Crammed between the Bulldogs of Athens, Ga., and the Gators of Gainesville, Fla., Vanderbilt University's golden Commodores have, frankly, been out of their league in the football-crazed Southeastern Conference (SEC). [Editor's note: The original version misidentified the home of the Florida Gators.]
Perennial losing underdogs, the team often arrives at its own stadium to find it awash in Volunteer Orange or Roll Tide Red, a morale-buster that has played into a dismal 64-179-1 record since the squad's last winning season in 1984. It's the only SEC team not to get a bowl berth in the past two decades.
But thanks to a bow-tied chancellor who seems to take his fashion cues from Orville Redenbacher, a crackerjack quarterback, and the memory of a fallen teammate, Vanderbilt, sometimes called the "Harvard of the South," is now an egghead squad with brawn. With its best start in 21 years, even after losing a nail-biter to Middle Tennessee State 17-15 Saturday, the Commodores, at 4-1, are suddenly at the top of the heap in the SEC East.
It all happened not by lowering admission standards, but by a decision to recast Vanderbilt football - to the horror of SEC stalwarts - basically as an intramural sport and to reward a losing coach for his good attitude.
In so doing, the school scrapped the athletic department's annual $30 million budget. But under the new plan, college athletics now have direct access to the school's multibillion-dollar endowment, which has actually increased the number of sports and resulted in $56 million worth of sports facility upgrades. [Editor's note: The original version mischaracterized where Vanderbilt University made budget cuts.]
Since then, the football team has gone from the perennial underdog to the squad everyone seems to love. It also offers a poignant counterpoint to how many big-time football programs are structured and what it really takes to compete.
"It's got to be gratifying for Vandy to now experience some winning and maybe be held up as a model because of it," says Peter Robey, director of the Center for the Study of Sport in Society at Northeastern University in Boston.
Past disappointments run deep at a school that has just over 6,200 undergraduates in a 12-team conference where the average enrollment is 23,500. Coaches who've come in hoping to revamp the program usually have left by their third season. And once-hopeful freshmen are ready to cut ties by the time they graduate.
They've had to squeeze some lemonade out of the fact that the school leads the SEC in the number of footballers who actually graduate (90 percent) and that it regularly fields strong soccer, basketball, tennis, and golf squads. Yet that's shallow comfort to fans, who have found other sports-watching options in the Music City: the NFL's Tennessee Titans and the NHL's Nashville Predators.
"Vanderbilt football has declined and declined and declined after so many years of utter desperation, dejection, and any other adjective you want to put in there," says veteran Nashville sports columnist Joe Biddle.
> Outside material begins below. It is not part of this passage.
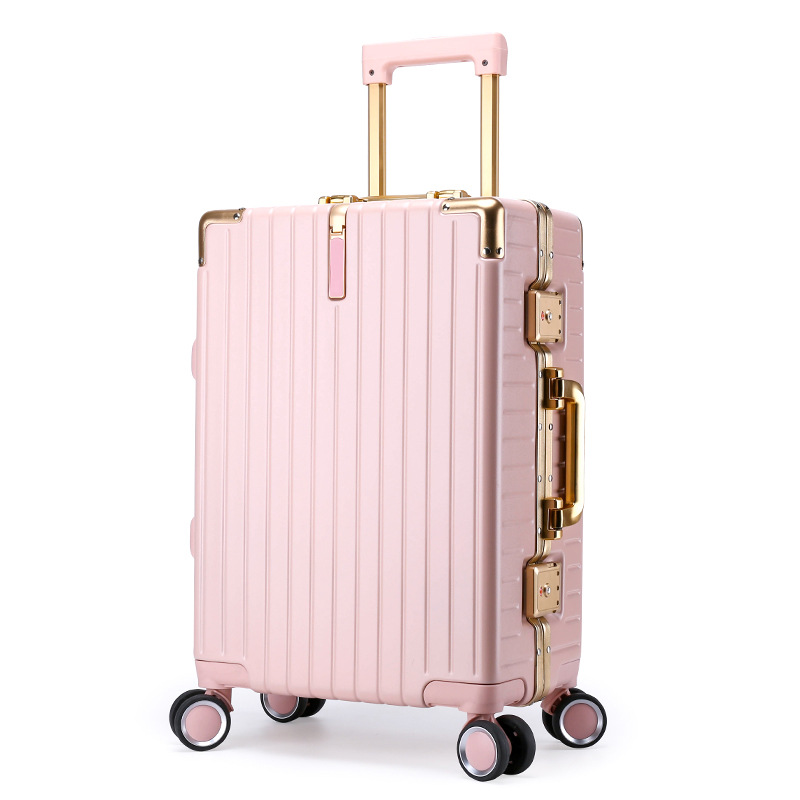 Pink aluminum alloy pull rod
So it was with scoffing skepticism that sportswriters considered Chancellor Gordon Gee's decision to fold university sports into the academic budget. And while it would have been heresy at a school like Florida or Michigan, Mr. Gee not only gave coach Bobby Johnson, who had won just six games in three years, a new contract, but also a raise.
It all didn't fit a heavyweight conference that filled 98 percent of its seats last year and drew over 5.8 million pigskin-crazy fans, especially as the team continued to lose late-quarter heartbreakers.
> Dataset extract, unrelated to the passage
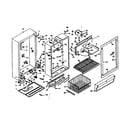 Kenmore 106627141 cabinet parts diagram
Yet this year, Vandy has put away Wake Forest, Arkansas, Richmond, and Ole Miss. Seeing such success, critics of "corporate" college football have found a new reason to question the necessity of sequestering big football budgets from academic programs.
"[Big football] schools don't want to have to compare budgets and salaries of the athletic side to the academic side, so they hide it behind a facade of a totally independent entity, and that's disingenuous," says Mr. Robey.
But SEC commissioner Mike Slive disagrees. "It's great for all of us to see them win and compete," he says, but "while this may work for Vandy, it's a way of administering a program that may not work for a program that's much larger."
Gee, former president of football factories Ohio State University, Colorado, and West Virginia, admits that Vanderbilt is "spiritually attuned to academics more than athletics," but that his decision was a philosophical one, meant to challenge the status quo. "A separate football program is a waste of energy and money. We need to put a cap on this arms race," he says while watching the game with the plant operations crew.
Gee has become more than the program's architect. He's also its head cheerleader, sometimes beating on drums in the bandstand and sending congratulatory notes to players, all in an effort to raise enthusiasm - and fund-raising - on campus. "I haven't seen Gordon make a play yet, but I was impressed by his ability to come bounding out of the stands at Wake Forest, two steps at a time, his bow-tie twirling around," says Mr. Biddle.
To be sure, fans put more of this year's success on poised quarterback Jay Cutler, whose decision to stay at Vandy instead of joining the NFL draft has had a big impact on the locker room. He returned just a few weeks after the shooting death of running back Kwane Doster last December.
But even with a stadium filled with gold Saturday, a fired-up MTSU won with a dramatic blocked field-goal attempt that would have sealed the game for Vandy with three seconds to go. Suddenly fans fear another heartbreak season. The team will be tested as the schedule gets tougher starting next Saturday with an ESPN broadcast primetime bout against conference rival Louisiana State University.
"Whether we're playing the lowest ranked team or the national champion, we're going to put ourselves in a position to win," says Mr. Cutler.